Beginning with the line containing "کاور آهنگ Start It Again از Upgrade" and ending with the line containing "bokomslag A Popular", write out each line of the records below exactly; pictures and lines outside that range are left out.

Dataset entries:
___

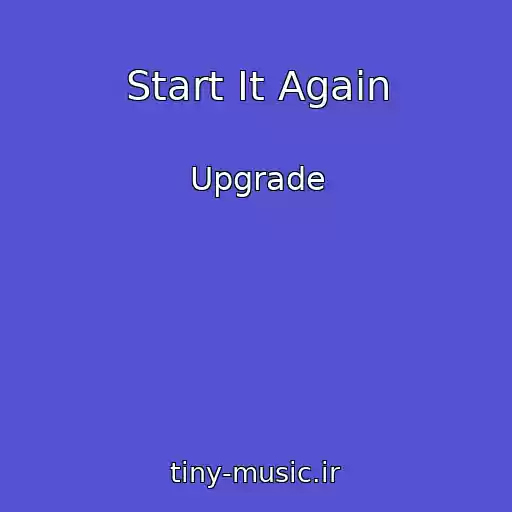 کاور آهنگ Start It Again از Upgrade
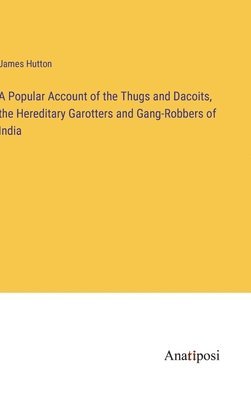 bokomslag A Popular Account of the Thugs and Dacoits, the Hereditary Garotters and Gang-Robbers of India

___

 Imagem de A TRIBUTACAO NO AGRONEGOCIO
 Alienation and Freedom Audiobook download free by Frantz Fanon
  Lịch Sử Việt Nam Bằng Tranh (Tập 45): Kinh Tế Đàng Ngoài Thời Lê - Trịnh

___

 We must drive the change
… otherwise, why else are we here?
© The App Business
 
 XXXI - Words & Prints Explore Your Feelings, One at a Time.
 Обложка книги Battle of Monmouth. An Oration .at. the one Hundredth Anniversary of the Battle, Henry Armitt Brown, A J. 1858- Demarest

___

Answer for this exercise:
 کاور آهنگ Start It Again از Upgrade
 bokomslag A Popular Account of the Thugs and Dacoits, the Hereditary Garotters and Gang-Robbers of India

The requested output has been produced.